WHAT YOU HAVE TO DO
Print out the complete set of records below, exactly as they read.

DATA FOR THIS TASK
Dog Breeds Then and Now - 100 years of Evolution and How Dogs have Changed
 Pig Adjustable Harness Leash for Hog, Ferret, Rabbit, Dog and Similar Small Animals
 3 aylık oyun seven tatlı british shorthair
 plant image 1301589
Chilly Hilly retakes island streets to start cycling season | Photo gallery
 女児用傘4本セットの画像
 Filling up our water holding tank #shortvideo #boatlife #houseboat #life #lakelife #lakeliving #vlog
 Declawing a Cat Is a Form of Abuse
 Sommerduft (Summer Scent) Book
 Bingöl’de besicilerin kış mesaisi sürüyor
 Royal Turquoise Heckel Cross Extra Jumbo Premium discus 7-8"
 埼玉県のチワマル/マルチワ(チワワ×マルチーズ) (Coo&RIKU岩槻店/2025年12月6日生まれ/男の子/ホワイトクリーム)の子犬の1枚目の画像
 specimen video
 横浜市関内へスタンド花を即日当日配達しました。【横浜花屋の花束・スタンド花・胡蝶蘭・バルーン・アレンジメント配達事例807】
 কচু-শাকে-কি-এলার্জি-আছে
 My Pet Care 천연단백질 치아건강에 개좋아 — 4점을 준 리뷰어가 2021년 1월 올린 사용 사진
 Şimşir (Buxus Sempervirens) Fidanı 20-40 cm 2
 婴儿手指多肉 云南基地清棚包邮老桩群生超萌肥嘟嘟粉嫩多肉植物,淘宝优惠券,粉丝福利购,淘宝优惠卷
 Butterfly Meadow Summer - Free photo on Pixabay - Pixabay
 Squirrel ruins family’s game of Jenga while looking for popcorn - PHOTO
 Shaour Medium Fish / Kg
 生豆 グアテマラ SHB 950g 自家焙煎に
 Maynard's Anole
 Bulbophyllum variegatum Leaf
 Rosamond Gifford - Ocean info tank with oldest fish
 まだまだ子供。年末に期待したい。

WRITTEN REPLY
Dog Breeds Then and Now - 100 years of Evolution and How Dogs have Changed
 Pig Adjustable Harness Leash for Hog, Ferret, Rabbit, Dog and Similar Small Animals
 3 aylık oyun seven tatlı british shorthair
 plant image 1301589
Chilly Hilly retakes island streets to start cycling season | Photo gallery
 女児用傘4本セットの画像
 Filling up our water holding tank #shortvideo #boatlife #houseboat #life #lakelife #lakeliving #vlog
 Declawing a Cat Is a Form of Abuse
 Sommerduft (Summer Scent) Book
 Bingöl’de besicilerin kış mesaisi sürüyor
 Royal Turquoise Heckel Cross Extra Jumbo Premium discus 7-8"
 埼玉県のチワマル/マルチワ(チワワ×マルチーズ) (Coo&RIKU岩槻店/2025年12月6日生まれ/男の子/ホワイトクリーム)の子犬の1枚目の画像
 specimen video
 横浜市関内へスタンド花を即日当日配達しました。【横浜花屋の花束・スタンド花・胡蝶蘭・バルーン・アレンジメント配達事例807】
 কচু-শাকে-কি-এলার্জি-আছে
 My Pet Care 천연단백질 치아건강에 개좋아 — 4점을 준 리뷰어가 2021년 1월 올린 사용 사진
 Şimşir (Buxus Sempervirens) Fidanı 20-40 cm 2
 婴儿手指多肉 云南基地清棚包邮老桩群生超萌肥嘟嘟粉嫩多肉植物,淘宝优惠券,粉丝福利购,淘宝优惠卷
 Butterfly Meadow Summer - Free photo on Pixabay - Pixabay
 Squirrel ruins family’s game of Jenga while looking for popcorn - PHOTO
 Shaour Medium Fish / Kg
 生豆 グアテマラ SHB 950g 自家焙煎に
 Maynard's Anole
 Bulbophyllum variegatum Leaf
 Rosamond Gifford - Ocean info tank with oldest fish
 まだまだ子供。年末に期待したい。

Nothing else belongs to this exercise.